In the process of his chapel experiments, Tinguely found physics so compelling he decided to take an online Advanced Placement Physics course during his senior year.
Attracted by the breadth of research possible in the field, Alex majored in physics and mathematics at Iowa State University. Between his junior and senior years he had the opportunity, through the U.S. Department of Energy (DOE) Science Undergraduate Laboratory Internship program, to study at a DOE lab. Feeling that the topic of nuclear fusion sounded promising, he ended up at the Princeton Plasma Physics Laboratory (PPPL). He spent the summer studying dusty plasmas with Arturo Dominguez, whose graduate work at MIT’s Plasma Science and Fusion Center (PSFC) had led to his position as PPPL’s science education and program leader.
Today, Tinguely finds himself in a PSFC control room, acquiring data from the same Alcator C-Mod tokamak Dominguez used for his thesis research. Working with his advisor, principal research scientist Bob Granetz, he studies how to magnetically confine plasmas in a toroidal vacuum vessel, so that fusion can occur. His focus now is on disruptions, often caused by instabilities in the plasma, which can damage the walls of the fusion vessel.
“We need to figure out how to prevent disruptions if we want our tokamak to work and survive.”
Tinguely is particularly interested in runaway electrons, which can be caused by disruptions. These electrons, which have accelerated to nearly the speed of light, can carry a lot of energy: 1,000 times more than the normal thermal energy of electrons in the plasma. If runaway electron beams are created in a fusion device, they can eventually strike a wall and cause serious — potentially catastrophic — damage to the vessel.
The disruption scenarios Tinguely studies are comparable to what could occur in the ITER Project, a large-scale fusion experiment being built in France to demonstrate the technological and scientific feasibility of magnetic confinement fusion. “If we can predict disruptions on C-Mod, hopefully we can predict them on ITER,” Alex says.
His research takes Tinguely inside the compact vacuum vessel of the Alcator C-Mod tokamak, an opportunity he describes as “one of the coolest experiences ever.” Inside a machine that can reach temperatures of 100 million degrees, he calibrates spectrometers so that they can accurately measure the amount of light coming from the synchrotron radiation of runaway electrons. For Tinguely, working inside the tokamak provides a unique learning experience, one that places a lot of responsibility on the students, but teaches great skills.
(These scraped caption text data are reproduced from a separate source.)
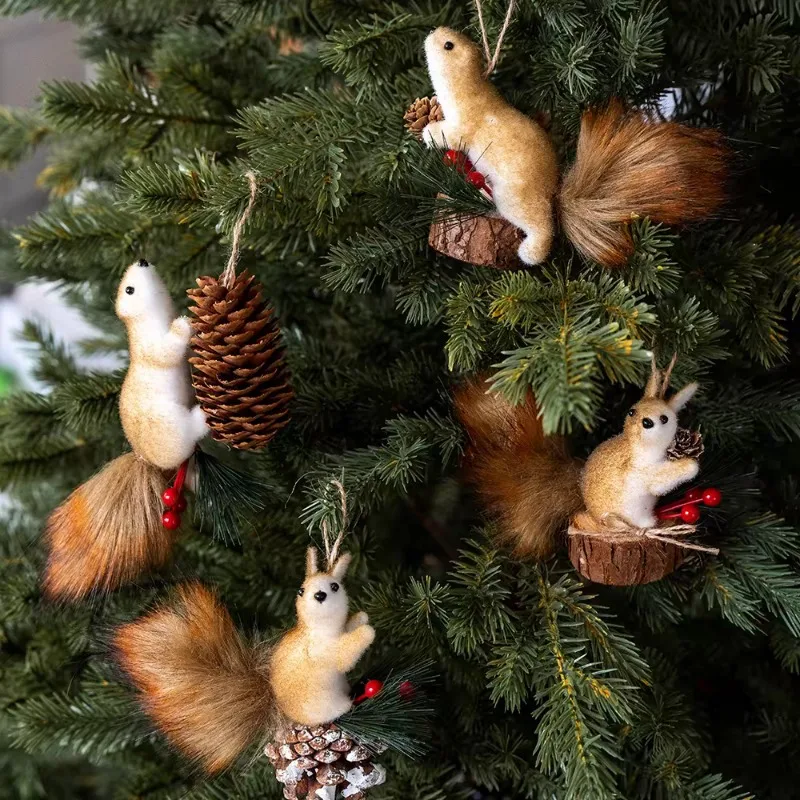 Cute Squirrel Pendant DIY Christmas Tree Hangings Ornaments Foam Simulated Squirrel Toys Festival Party Favors Xmas Tree Decor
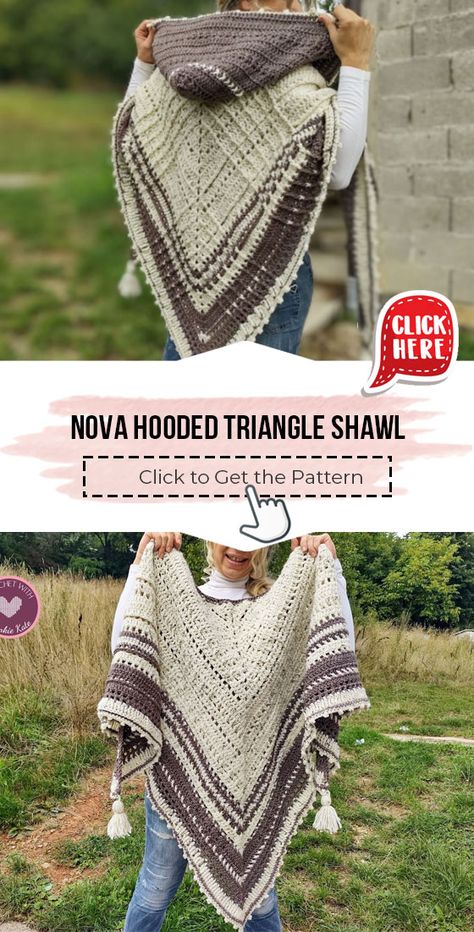 Hooded Triangle Scarf Crochet Pattern, Nova Hooded Triangle Shawl, Crocheted Triangle Shawls, Crochet Hooded Shawl Pattern Free, Easy Crochet Hooded Cowl Pattern Free, Crochet Shawl With Hood, Crochet Patterns For Beginners Blanket, Crochet Hooded Shawl, Crochet Stoles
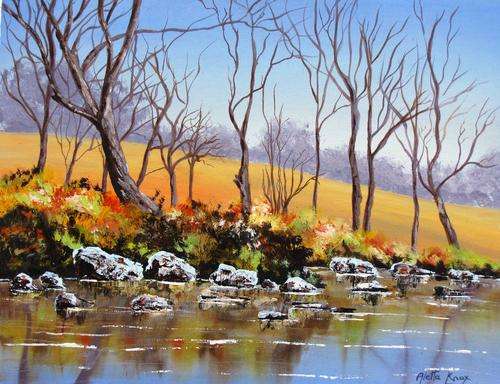 "SPLASHES OF COLOUR" original,signed,unframed acrylic on canvas by Aletta Knox 51x41cms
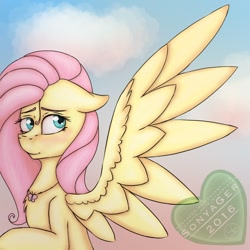 Size: 768x768 | Tagged: safe, artist:sonyager, fluttershy, pegasus, pony, female, mare, solo, spread wings, wings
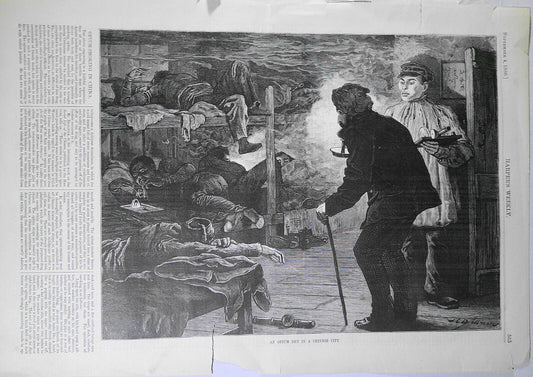 An Opium Den in a Chinese City  - Harper's Weekly,  September 4, 1880 original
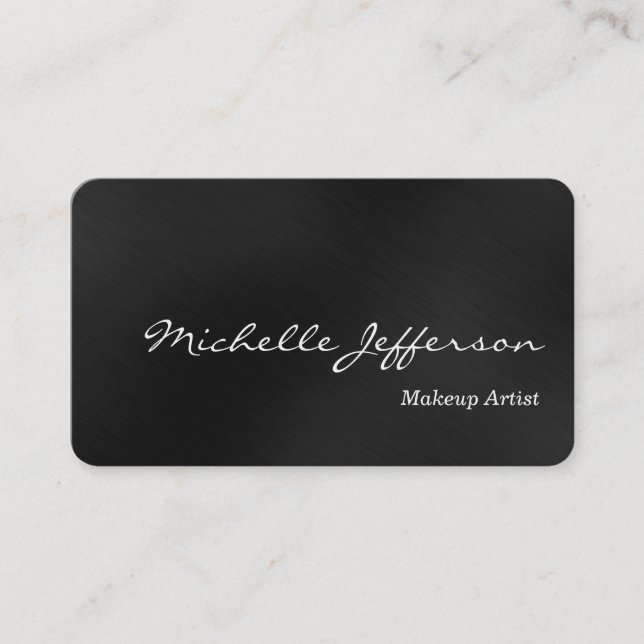 Round Corner Makeup Artist Gray Business Card (Front)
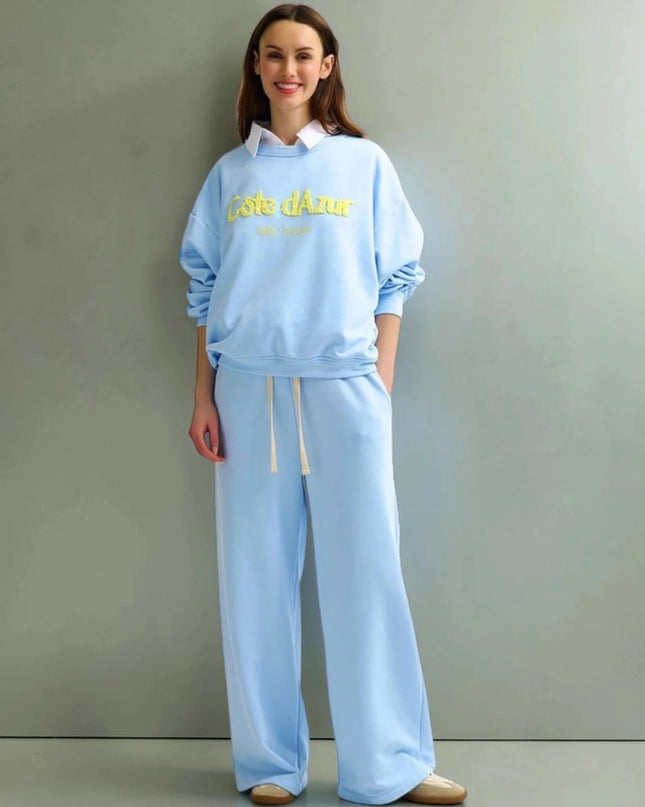 Côte d’Azur Sweatpants & Sweatshirt in Pastellblau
Tinguely is eager to share his enjoyment of physics and fusion research with others. At the PSFC he is honing the talent for educational outreach that he nurtured as a member of the Iowa State University Physics and Astronomy Club, where he helped put on science demonstrations at local elementary schools and on campus. Giving a tour of the PSFC, he might be found explaining how to play a video game that challenges participants to keep a plasma from touching the walls of the vessel, or inviting a high school student to hold a large magnet up to a glow-discharge tube filled with plasma, to illustrate how plasmas respond to magnetic fields.